Phishing detection is a subset of digital literacy that K-12 educators could include as part of curricula on critical thinking and information literacy. For example, they might use games like Anti-Phishing Phil for learning principles of scientific hypothesis testing in the context of learning how to detect fraudulent websites (Sheng et al. 2007). Information literacy may also be considered a basic skill to be taught on its own (Johnston and Webber 2003). Colleges and universities are already implementing embedded training to reduce phishing vulnerability. It may be valuable to leverage insights from self-regulated learning to better design these trainings to improve metacognitive abilities.

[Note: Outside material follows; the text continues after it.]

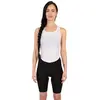 Image de Endura Cuissard Pro Sl L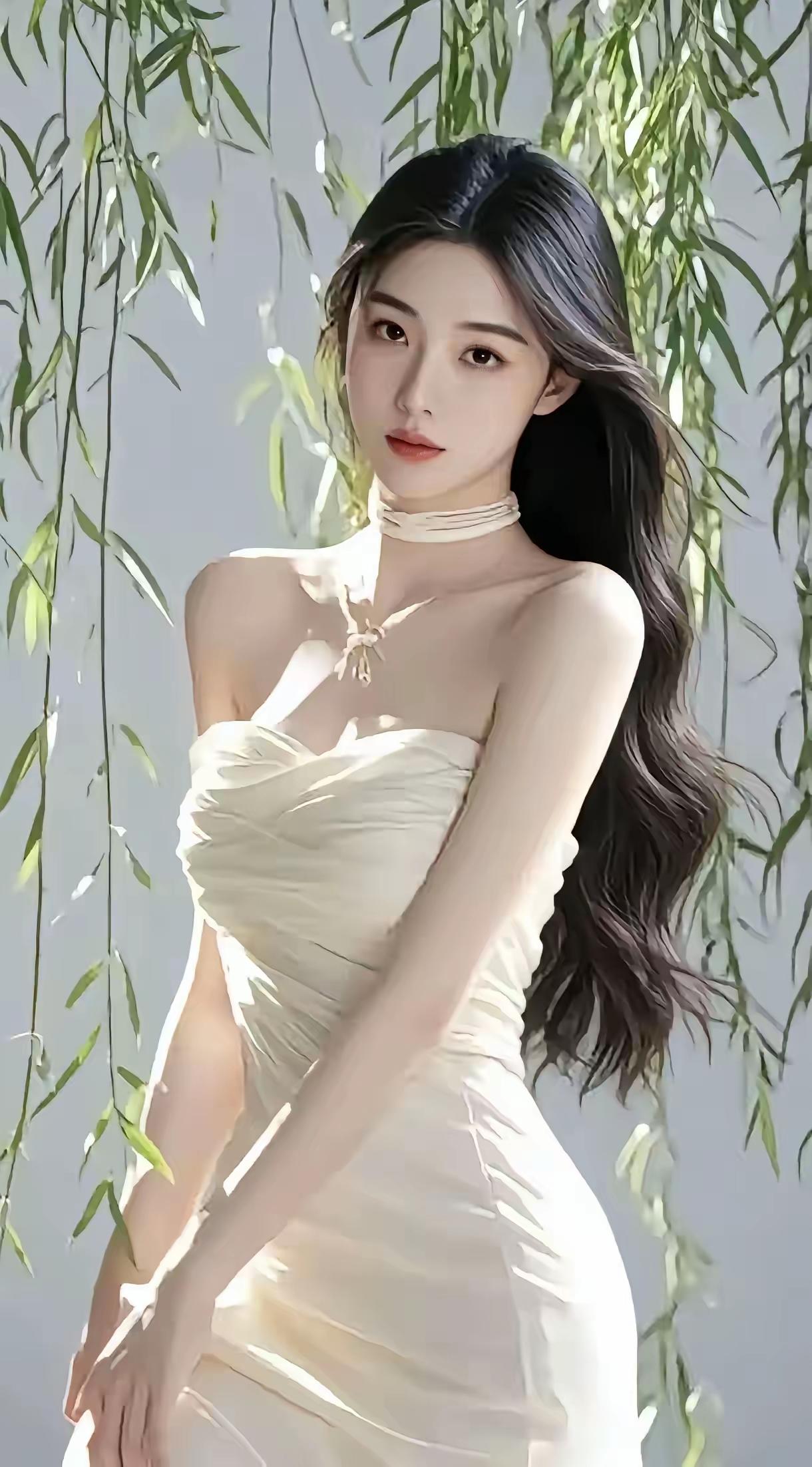 情绪与心态：一生的关键要素在人的一生中，情绪和心态都极为重要，它们相互关联，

Given the disparity observed here, in metacognitive performance on legitimate and phishing emails, we believe that a promising path for future research is to investigate which features of phishing messages make them so deceptive. It may be valuable to perform within-subject analysis of the impact of specific features on performance and metacognition. This may aid efforts to help users understand which kinds of phishing emails they are more vulnerable to, without making them overconfident in their ability to detect those messages. Future studies developing anti-phishing interventions should investigate both performance and metacognition metrics to understand how users are shifting their decision-making strategies. If successful, an intervention might make the calibration curve for phishing messages look more like the curve for legitimate emails. In addition, if attackers changed their strategies, the calibration curve for phishing messages might retain its current shape, but have a much higher share of messages with low confidence (50%).